| Data supplied |
----

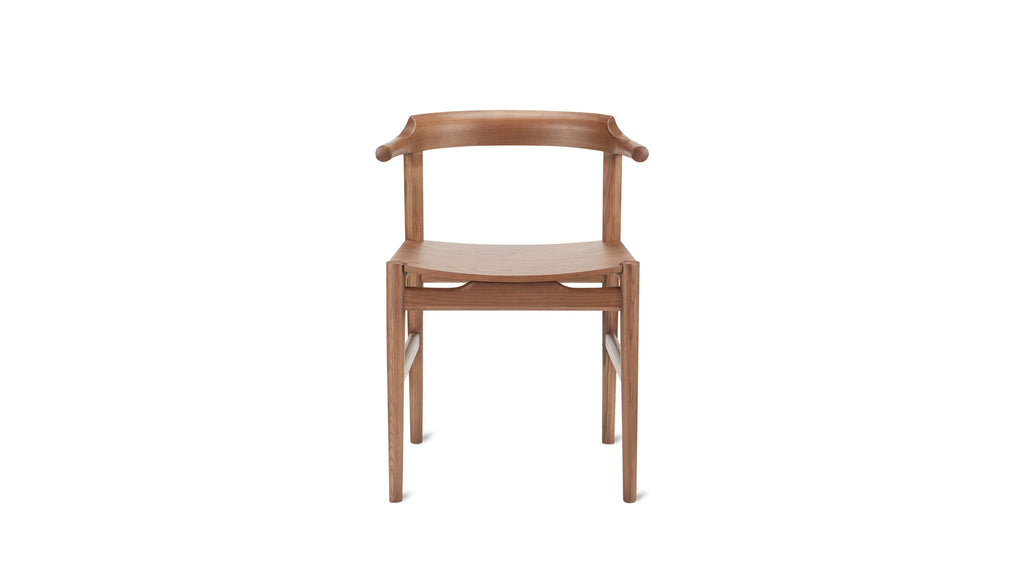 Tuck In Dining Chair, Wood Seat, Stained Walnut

----

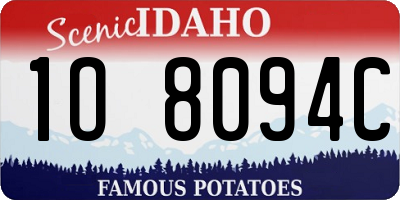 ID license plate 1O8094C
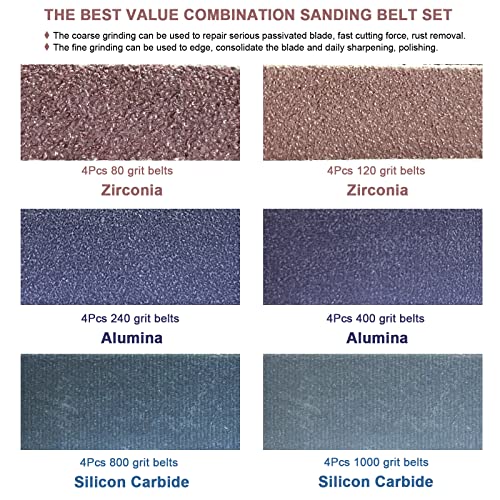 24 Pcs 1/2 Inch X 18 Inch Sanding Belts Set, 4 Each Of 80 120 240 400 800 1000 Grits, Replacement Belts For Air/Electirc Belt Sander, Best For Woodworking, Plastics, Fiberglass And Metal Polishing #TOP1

----

| Assigned task |
The answer must be the part of the records that opens with the line containing "ID license plate 1O8094C" and closes with the line containing "24 Pcs 1/2 Inch", reproduced exactly, with no pictures.

| Written solution |
 ID license plate 1O8094C
 24 Pcs 1/2 Inch X 18 Inch Sanding Belts Set, 4 Each Of 80 120 240 400 800 1000 Grits, Replacement Belts For Air/Electirc Belt Sander, Best For Woodworking, Plastics, Fiberglass And Metal Polishing #TOP1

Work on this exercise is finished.